■ **Records to process**
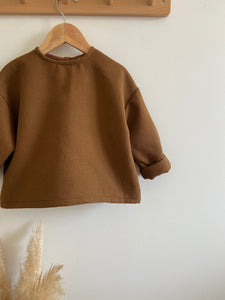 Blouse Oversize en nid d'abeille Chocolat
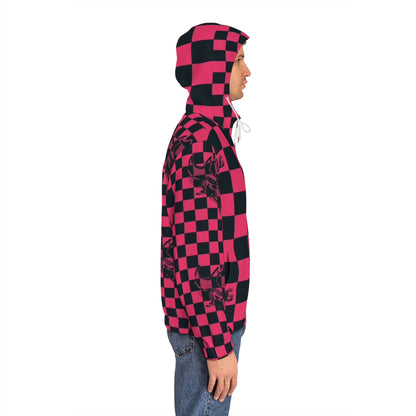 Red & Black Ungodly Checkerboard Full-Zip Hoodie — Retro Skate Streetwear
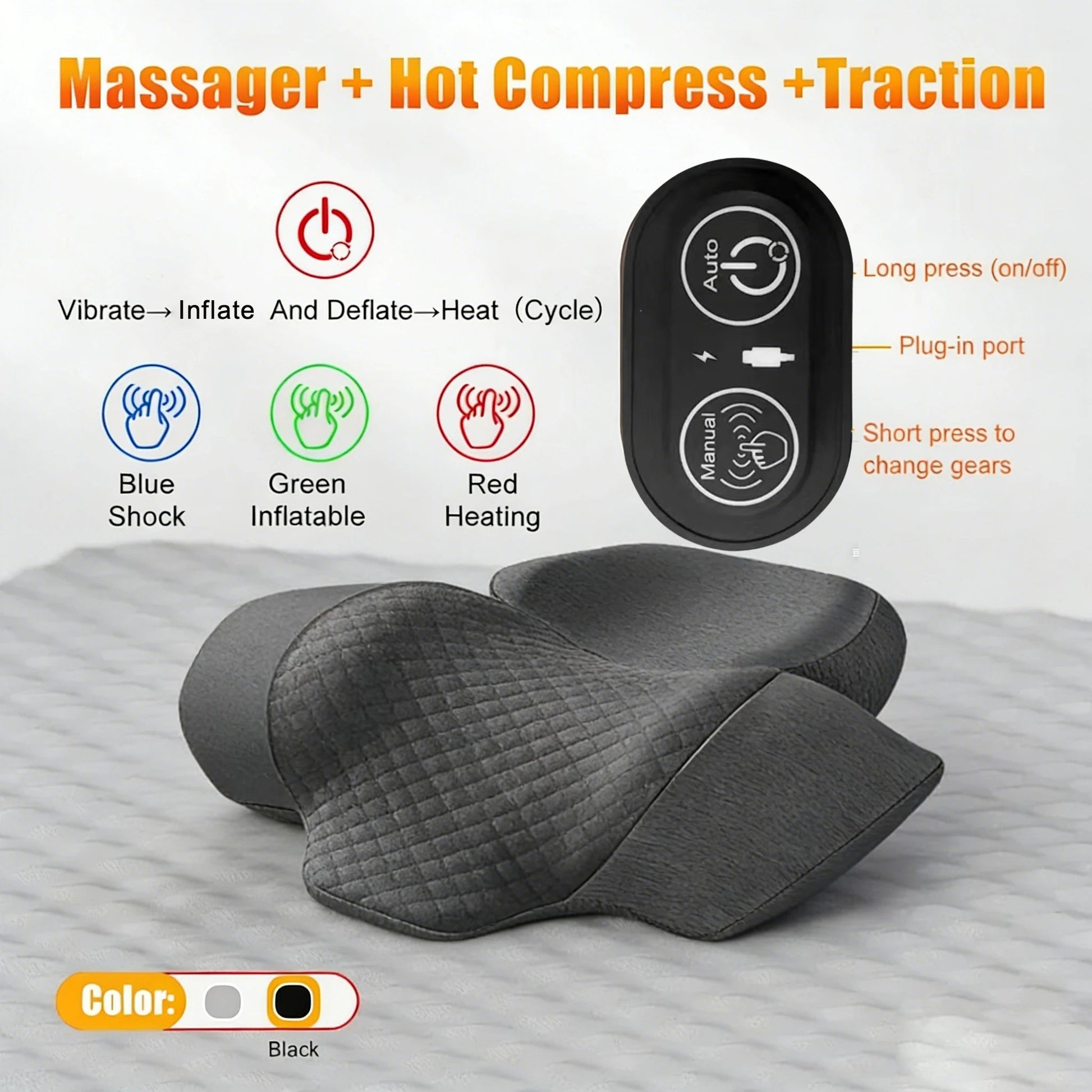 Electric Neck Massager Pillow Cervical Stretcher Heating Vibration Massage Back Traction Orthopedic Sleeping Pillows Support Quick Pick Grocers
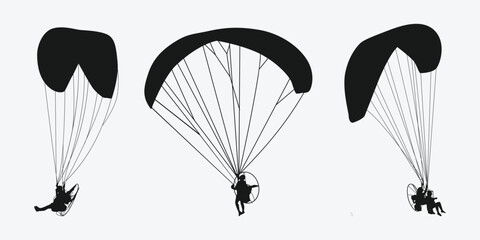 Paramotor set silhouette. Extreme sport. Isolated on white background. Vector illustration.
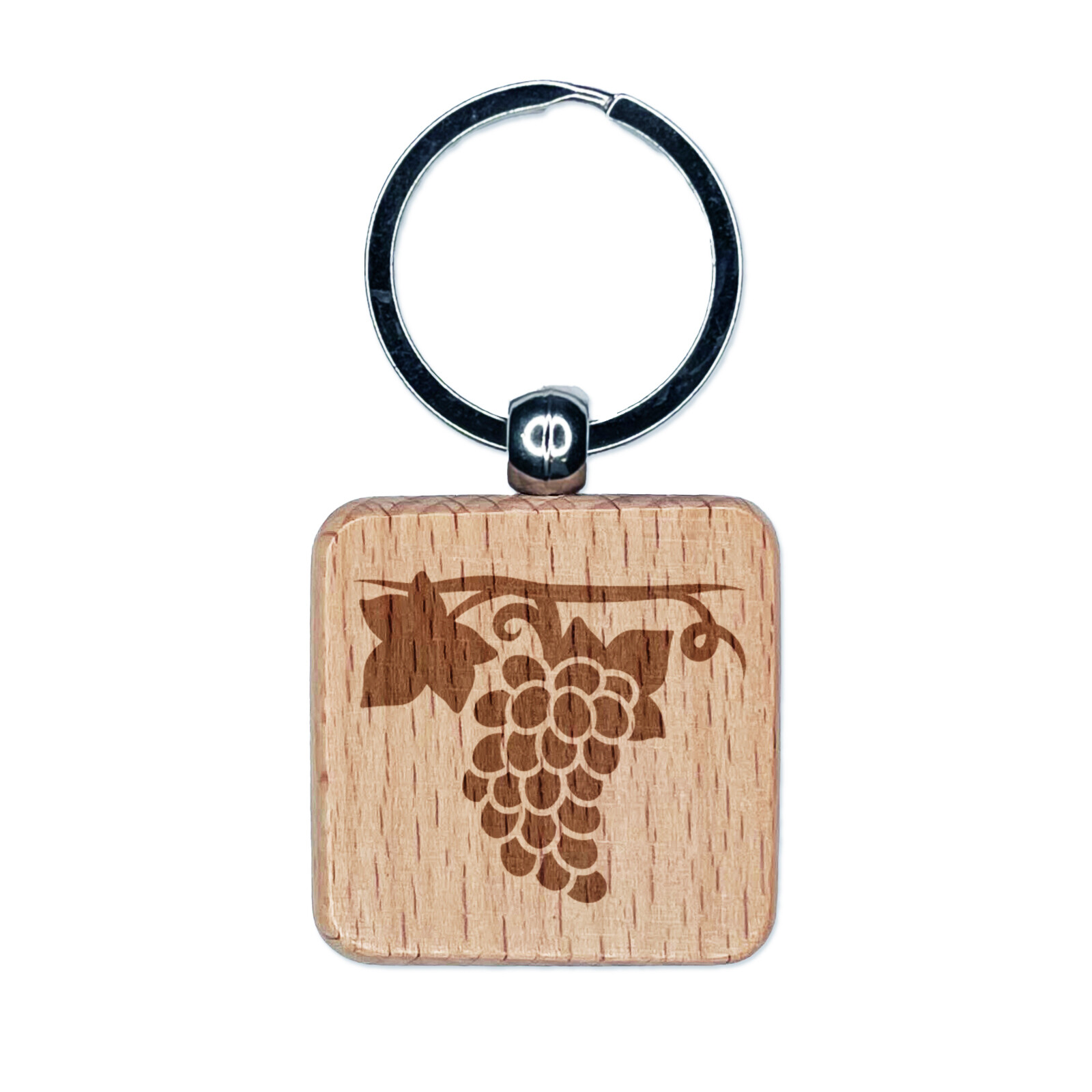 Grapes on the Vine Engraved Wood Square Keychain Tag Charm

■ **Work instruction**
If a line falls between the one containing "Electric Neck Massager" and the last line of the entries above, both included, reproduce it exactly; leave the pictures out.

■ **Answer to the problem**
 Electric Neck Massager Pillow Cervical Stretcher Heating Vibration Massage Back Traction Orthopedic Sleeping Pillows Support Quick Pick Grocers
 Paramotor set silhouette. Extreme sport. Isolated on white background. Vector illustration.
 Grapes on the Vine Engraved Wood Square Keychain Tag Charm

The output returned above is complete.